To do:
Leaving out the pictures, return each line of the entries from the first through the line with "CX-Shirling новые модные", and only those lines.

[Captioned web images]
┄┄┄┄┄┄
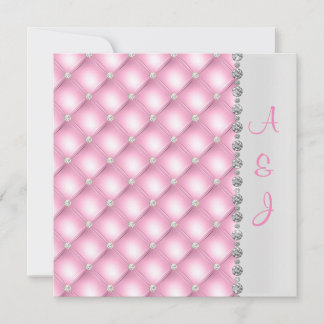 PRETTY PINK DIAMOND  WEDDING INVITATION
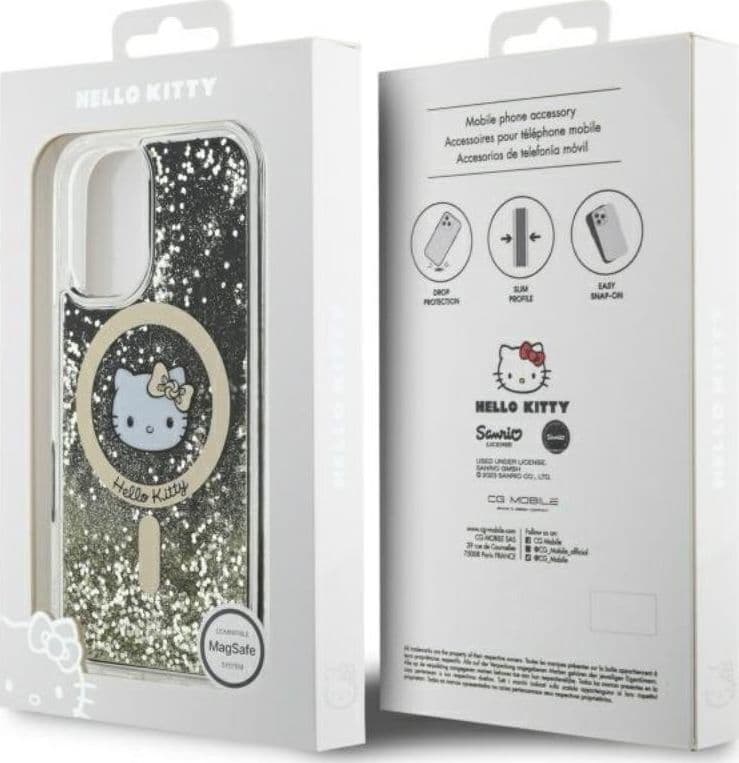 Hello Kitty Liquid Glitter Fever MagSafe - Case for iPhone 16 (black/gold) - 8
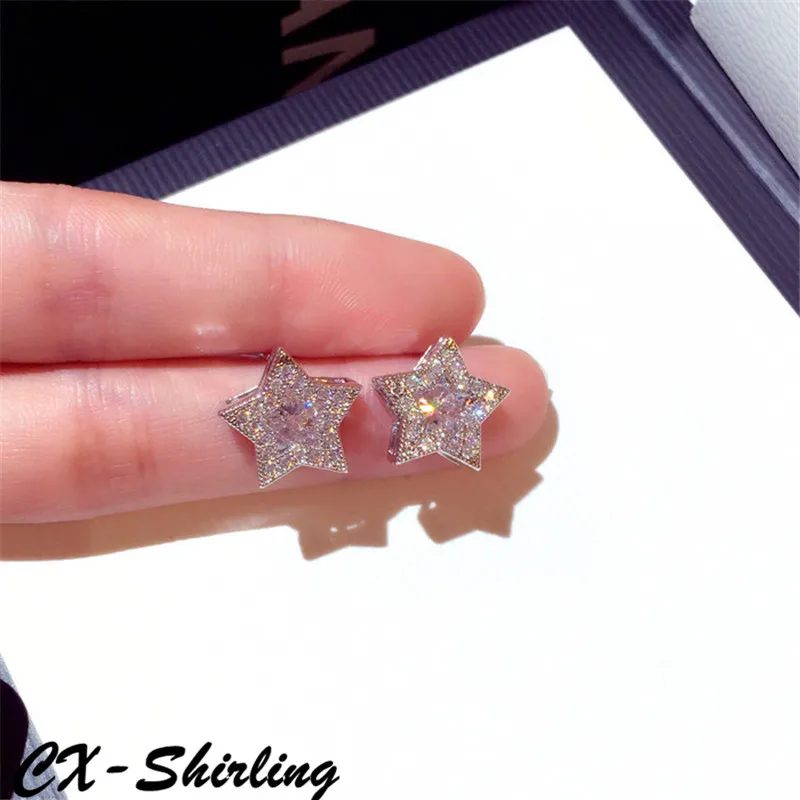 CX-Shirling новые модные антиаллергенные серьги женские элегантные циркониевые блестящие хрустальные Звездные серьги новые серебряные серьги с иглой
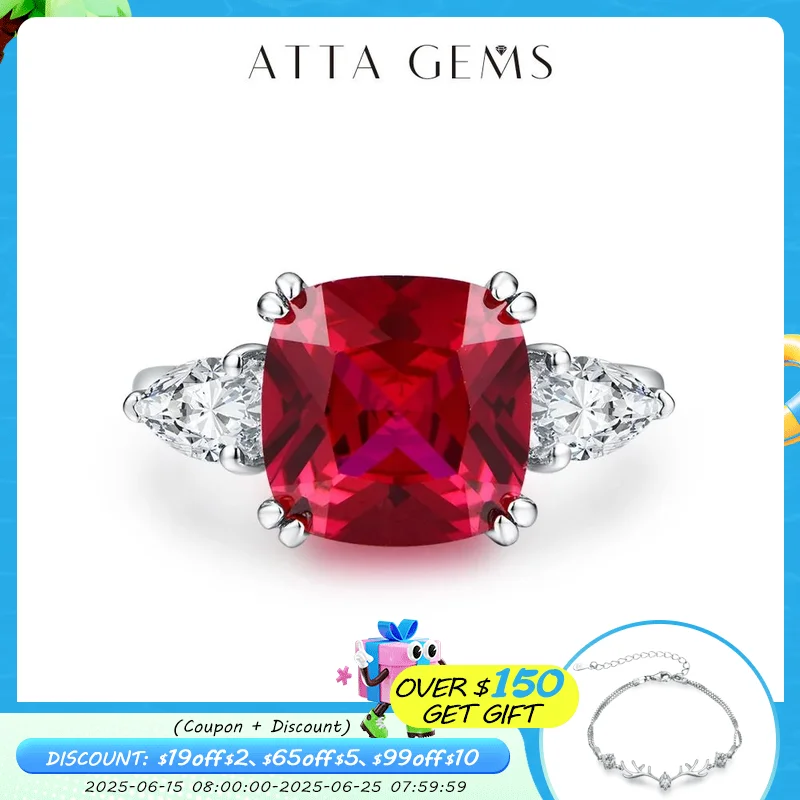 ATTAGEMS 2024 Cushion Cut 10*10mm 925 Sterling Silver Red Ruby Ring for Women With Certificed Engagement Promise Wedding Jewelry
ATTAGEMS 2024 Cushion Cut 10*10mm 925 Sterling Silver Red Ruby Ring for Women With Certificed Engagement Promise Wedding Jewelry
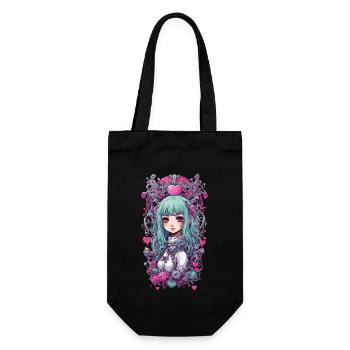 Goth Girl Kawaii Anime Psycho Gothic Magie Design - Geschenkbeutel für Flaschen - Schwarz - Vorne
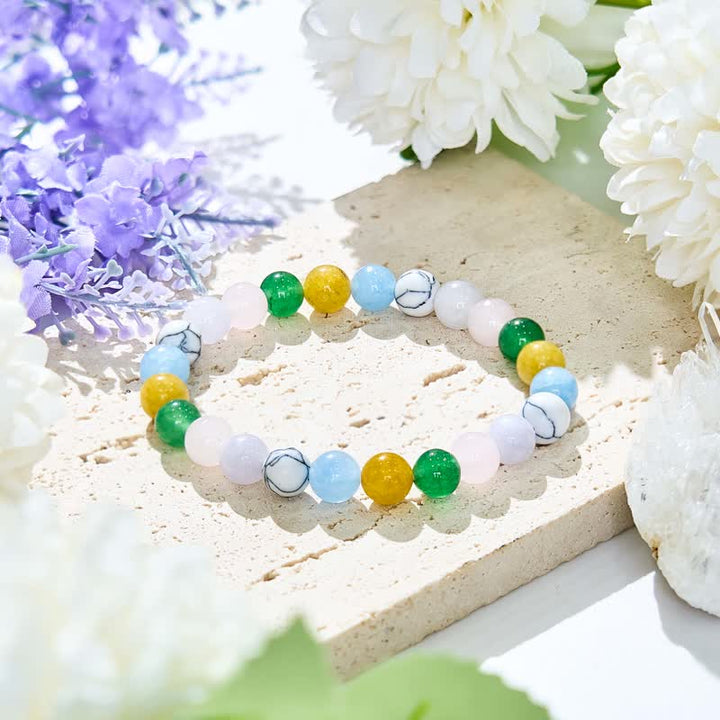 Bracciale Olivenorma con perline in pietra naturale multicolore da 8 mm 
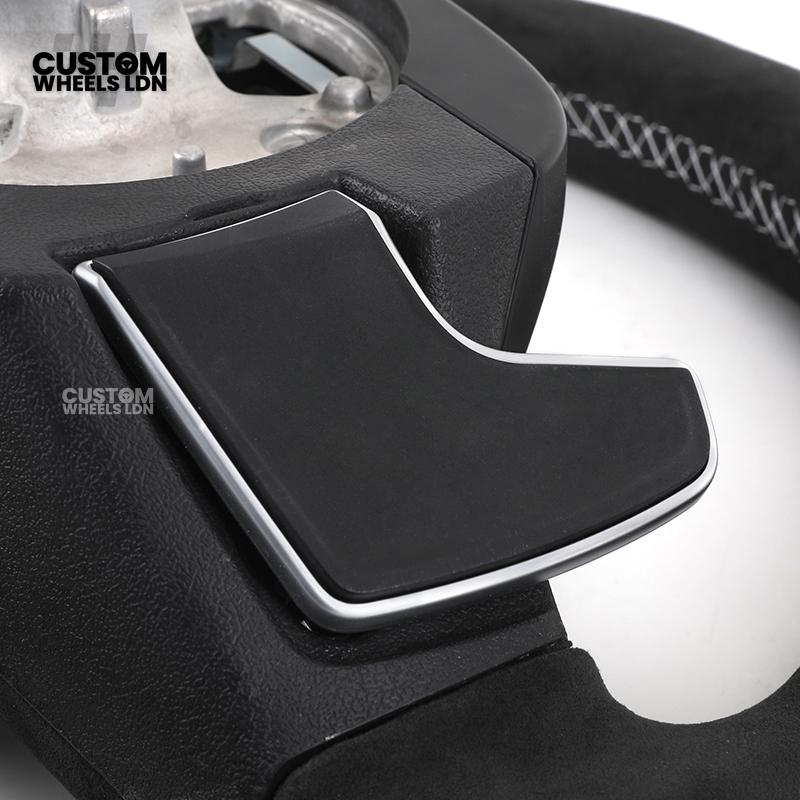 BMW Custom LED Alcantara Flat Bottom Steering Wheel – Carbon Trim – Fits F20 F22 F30 F32 F36 F80 F82 F87 F10 F12 F13 + more
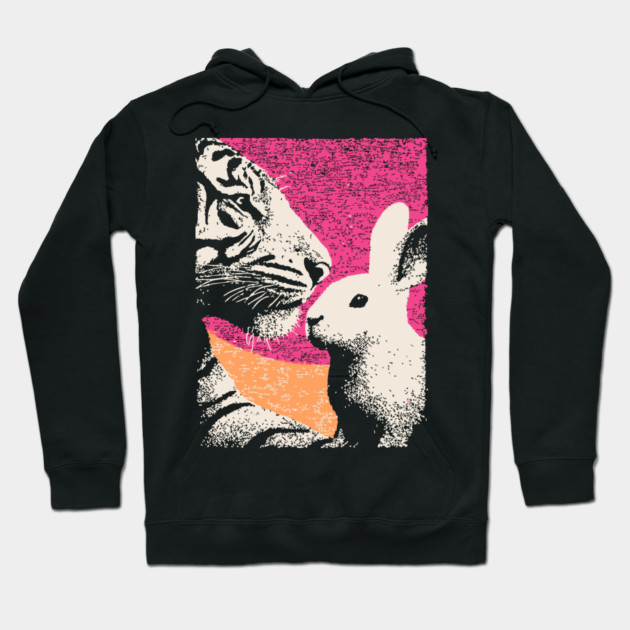 The Unlikely Pair - Tiger and Rabbit Hoodie by TuncGK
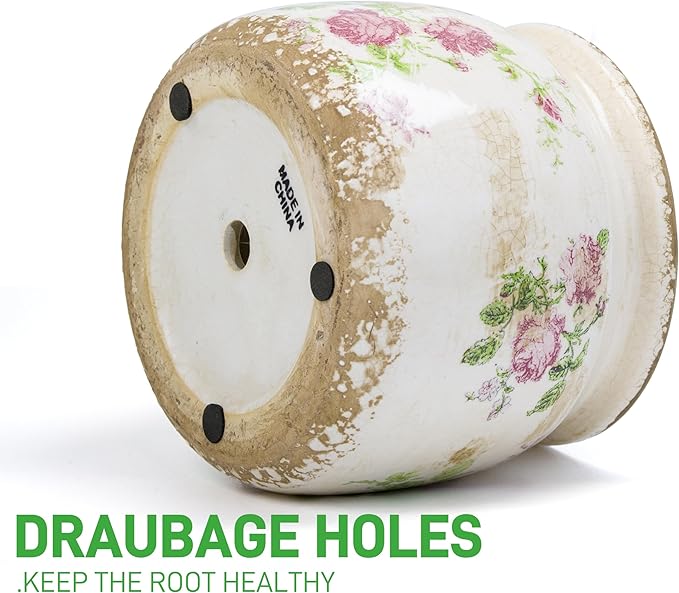 Vintage Ceramic Ice Crack Flower Pot with Drainage Holes, Country Rustic Planters for Indoor and Outdoor,Tuscan Decor,Home,Living Room, Garden Decor, Gardening Gift (Garden)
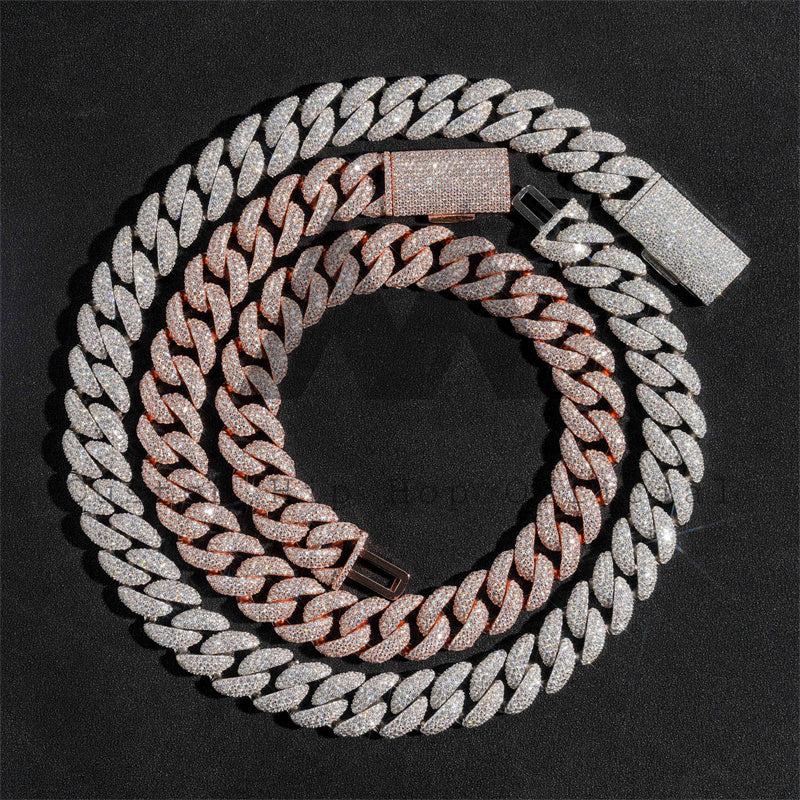 18MM Moissanite Diamond Cuban Link Chain Miami Style Iced Out for Men2
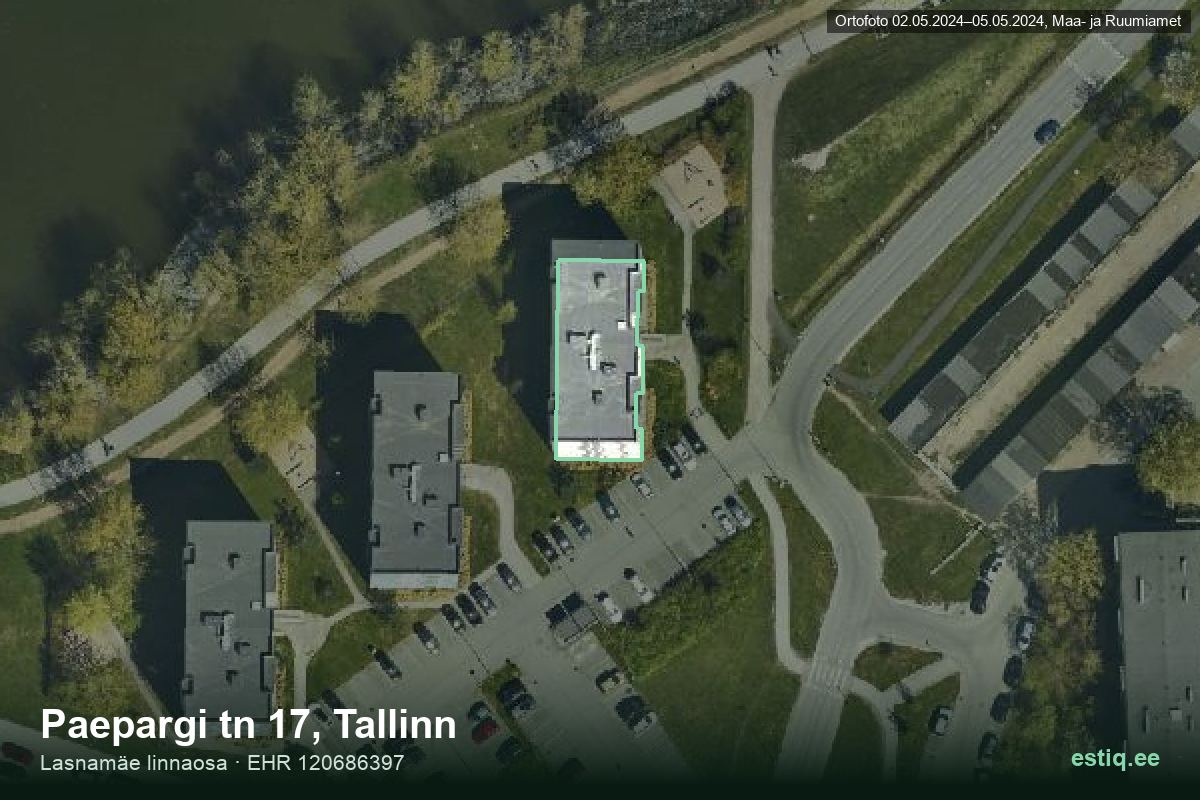 Paepargi tänav 17, Tallinn – hoone aerofoto, kontuur ehitisregistri (EHR) andmetest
┄┄┄┄┄┄
Completed task:
 PRETTY PINK DIAMOND  WEDDING INVITATION
 Hello Kitty Liquid Glitter Fever MagSafe - Case for iPhone 16 (black/gold) - 8
 CX-Shirling новые модные антиаллергенные серьги женские элегантные циркониевые блестящие хрустальные Звездные серьги новые серебряные серьги с иглой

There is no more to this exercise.